波紋 特定秘密保護法 米軍機目撃通報すれば罰? 住民不安 低空飛行相次ぐ中国山地

対象見えず 萎縮懸念

 米海兵隊岩国基地(岩国市)で空母艦載機の移転計画が進む。米軍機が訓練飛行する中国山地で騒音の増大が懸念され、広島、島根両県の自治体は低空飛行の目撃や騒音のデータを集める。「情報の収集や提供は違法で、処罰されるのでは」。特定秘密保護法の施行に地元住民や市民団体は不安を拭えない。(野平慧一、桑原正敏、畑山尚史)
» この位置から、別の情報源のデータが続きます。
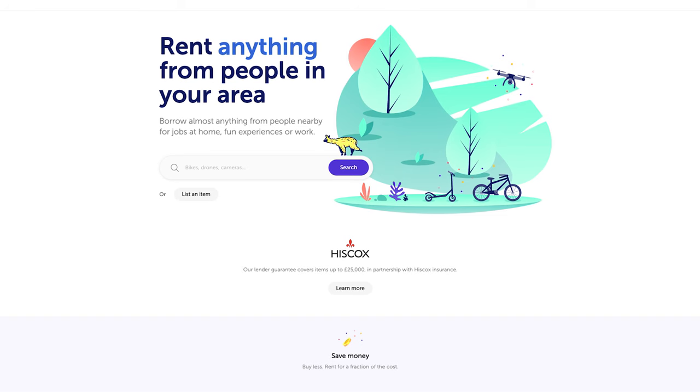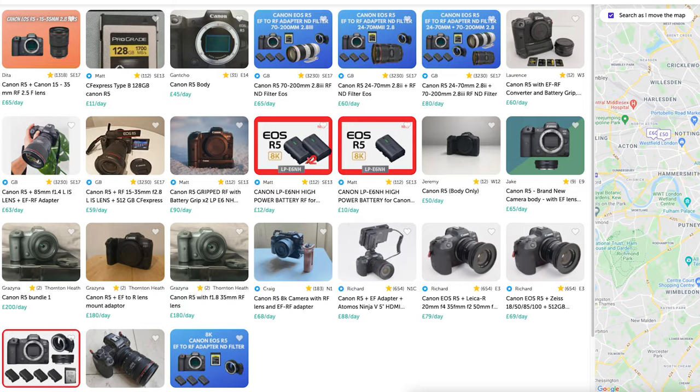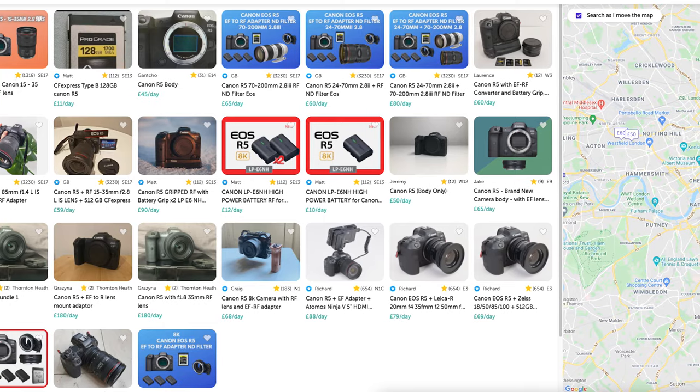Hi guys, welcome to another video. Today we're going to be talking about how to get passive income from your camera gear. We're going to be talking about a website called Fat Llama — possibly definitely the weirdest name for a website I've ever heard. But effectively what Fat Llama is, is you can rent your gear out to people in your area. The way it was described to me is kind of like Airbnb for your gear.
 「ゴーという地鳴りのような爆音とともに、谷間を縫って飛んでいった」。三次市作木町の岡本和彦さん(61)は憤る。2009年から所長を務めるカヌー公園付近でたびたび米軍機を目撃し、昨年6月に米軍機を写真撮影した。市が13年度から委嘱する米軍機監視の情報連絡員でもある。市北部の住民10人が目撃や騒音の情報を市に伝える。

 1年間で市に寄せられた情報は29件。米軍機が繰り返し低空飛行訓練をしているとされる「ブラウンルート」下の作木町は17件と最多だった。市は昨年2回、飛行中止を求めて国と米側に要請や抗議をした。
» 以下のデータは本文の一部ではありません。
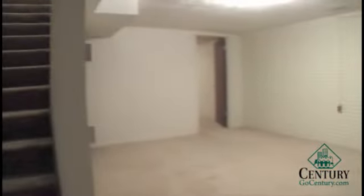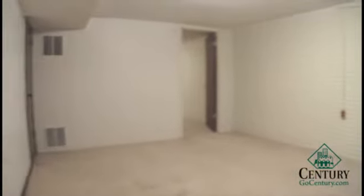Here we have access to the basement, which consists of two rooms. The first room would work great as a playroom or a second living room space, and the second room could work as a non-conforming bedroom.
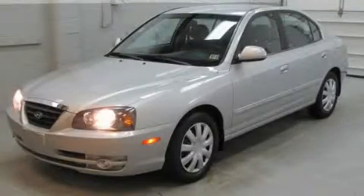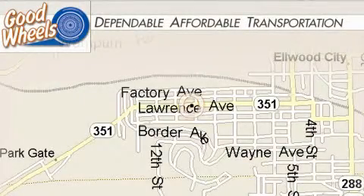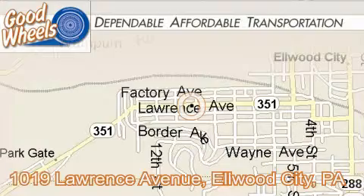Stop by today and test drive this vehicle for yourself. Goodwills is located in Elwood City, Pennsylvania and Calcutta, Ohio.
 同法は、防衛や外交などの情報を担当大臣らが特定秘密に指定し、漏らした人を罰すると定める。だが、何が秘密の対象になるのか見えず、岡本さんは「低空飛行の中止を求めて目撃情報を市に報告したら罰せられるのだろうか」と懸念。市地域振興部の福永清三部長(57)も「写真などの証拠を積み重ねても、市民の情報が特定秘密に指定されたら打つ手がない。もし市民が罰せられるなら、安心安全を守ろうとする地域の思いに反する」と話す。

 作木町では1981年9月、米軍戦闘機が墜落する事故が発生。小屋などを失った農業谷岡永子さん(75)は「当時、現場に近寄れず米側から説明もなかった。過去の事故ですら、記者の取材に応じても大丈夫なのだろうか」と不安を抱く。

 広島、島根両県で市町が騒音測定器を置く動きも広がる。西中国山地の訓練空域「エリア567」に市北部が入る廿日市市は、4月までに3カ所に設置。広島県北広島町も昨年1月から4カ所で測定する。だが、懸念は深まる。測定データなどから訓練を分析する市民団体「岩国基地の拡張・強化に反対する広島県西部住民の会」の坂本千尋事務局長(61)=廿日市市=は「訓練が特定秘密に指定されれば、自治体の測定結果すら非公開となる恐れがある」と同法廃止を訴える。

 軍事評論家の前田哲男さん(75)は「防衛のあらゆることが秘密とされ、処罰の対象になりかねない。市民に懸念を感じさせるだけで法は威嚇効果があり、市民の監視活動が萎縮する恐れもある」と指摘。「米軍が有事になれば、国は軍事情報を知られないように国民の監視を強める可能性もある」とみる。